Intellectual Property and Royalties
Let's start with how intellectual property rights are assets which can lead to earning income for rights holders. When a work of art is created whether it is a book, a photograph, or a song recording, the author holds a copyright for the work. The copyright is the author's intellectual property and it affords the right to be paid a royalty if the work is used by someone else. In the case of music there is a copyright for the songwriters who wrote the lyrics and the melody, this is the composition copyright. There is a second sound recording copyright for the musicians who record the song. The record label that produced the music may also hold some of these rights.

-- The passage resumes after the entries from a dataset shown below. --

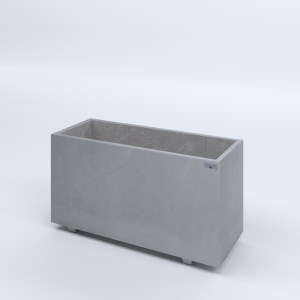 FIORIERE IN CEMENTO LISCE RETTANGOLARI PIEDINI SEPARATI IMPERMEABILIZZATE CM100X40X54H GRIGIO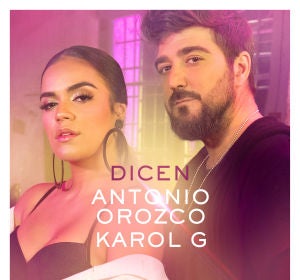 Karol G y Antonio Orozco presentan 'Dicen' Karol G y Antonio Orozco presentan 'Dicen'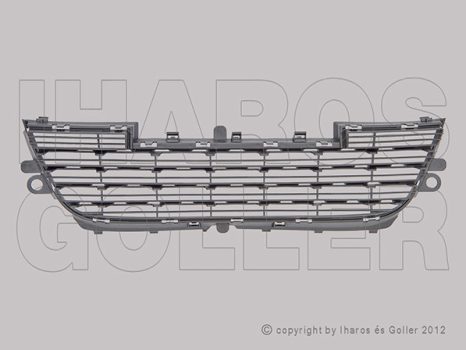 Peugeot 2008 2013.03.01-2016.03.31 Rács a lökhárítóba középső, alsó (1E5R)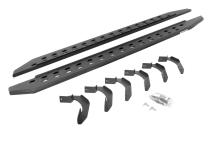 RB20 Slim Line Running Boards With Mounting Brackets Protective Bedliner Coating 2004-2014 Ford F-150 Extended Cab Go Rhino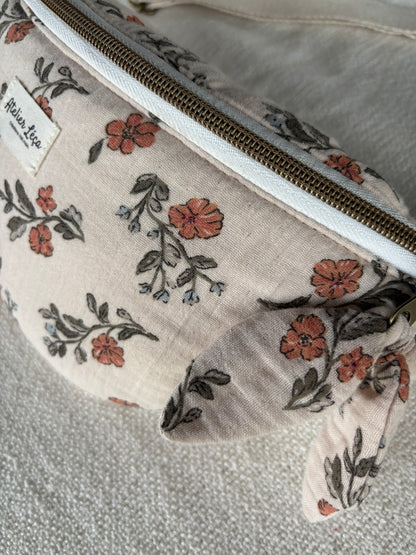 Sac banane double gaze de coton
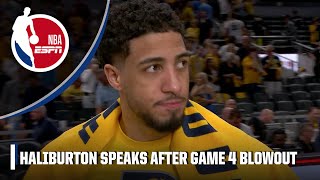 Tyrese Haliburton says Pacers did their job winning at home to even up series | NBA on ESPN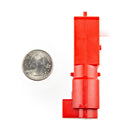 Hobby Motor with Encoder - Plastic Gear (Pair, Red)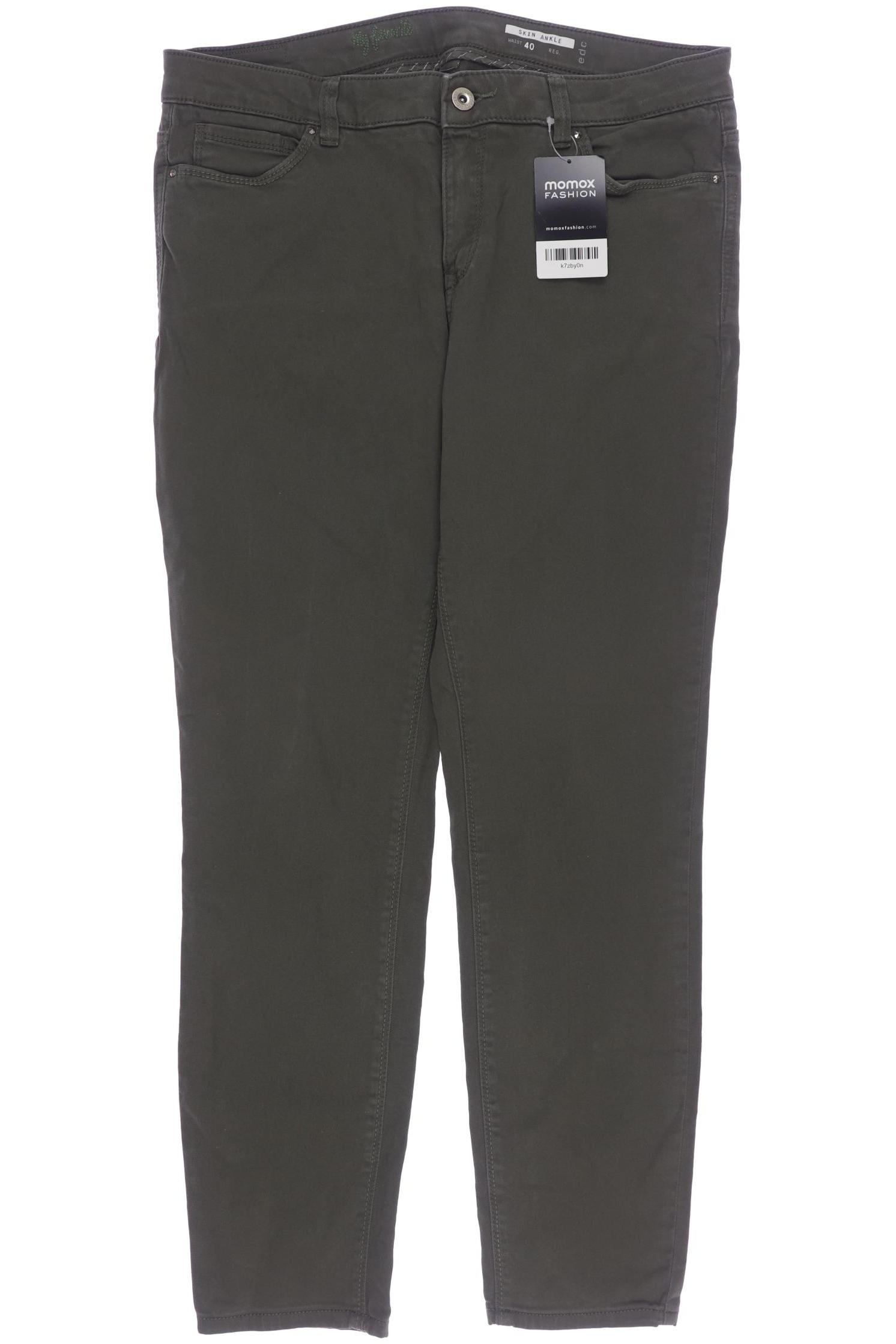 

edc by Esprit Damen Jeans, grün, Gr. 40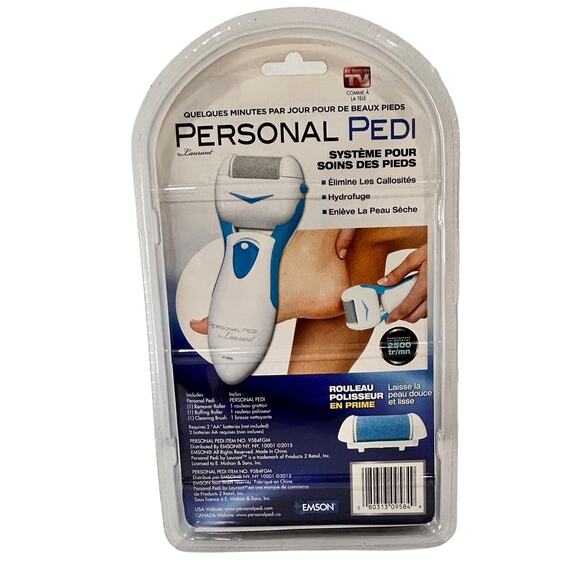 Personal Pedi Foot Care System by Laurant As Seen on TV Buffing Smoothing NEW - Picture 3 of 5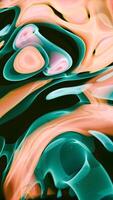 abstract background with colorful lines and swirls video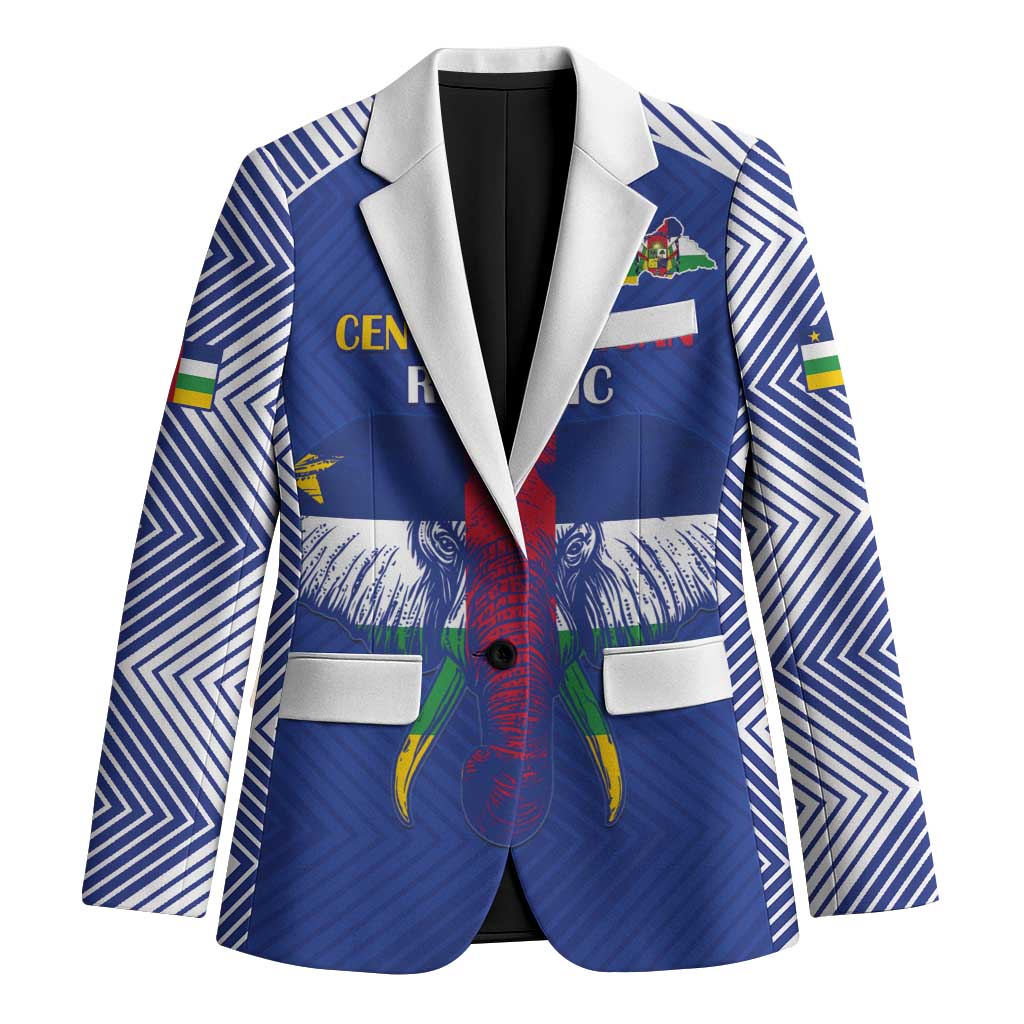 Custom Central African Republic Football Blazer Go Champions - Wonder Print Shop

For example, Keith Richards and Mick Jagger of the Rolling Stones wrote the song "Sympathy for the Devil" and hold the composition copyright. The members of the Rolling Stones recorded the song and they have a recording copyright. The band Guns N' Roses also recorded this song in 1994. They would have paid Richards and Jagger for the right to record the song. But, now Guns N' Roses has a recording copyright for their version of the song. One of the unique benefits of intellectual property rights as an asset class is that royalties can be earned for many years for a single creation.
Resurging Popularity and Rising Royalty Earnings
In certain cases songs that fade into history can be revitalized. Kate Bush released the song "Running Up That Hill" in 1985 and it rose to number 30 on the Billboard 100 chart. The song saw a resurgence in 2022 when it was featured in the television show Stranger Things. The song climbed back into the top 10 on the Billboard 100, outperforming its original release, and earning a significant new wave of royalties for the artist.
Three Types of Royalties for Music
Musicians can earn royalties on the physical or digital sale of their music. They also earn royalties from licensing the use of their song. As Kate Bush did by licensing her song to Netflix for use in Stranger Things. In addition, artists earns a public performance royalty if their music is played publicly. This includes another band covering their song at a concert or if the song is played over the radio or on a music streaming service. It is reported that Kate Bush earned more than $2.3 million in 2022 in streaming royalties from the newfound popularity of "Running Up That Hill".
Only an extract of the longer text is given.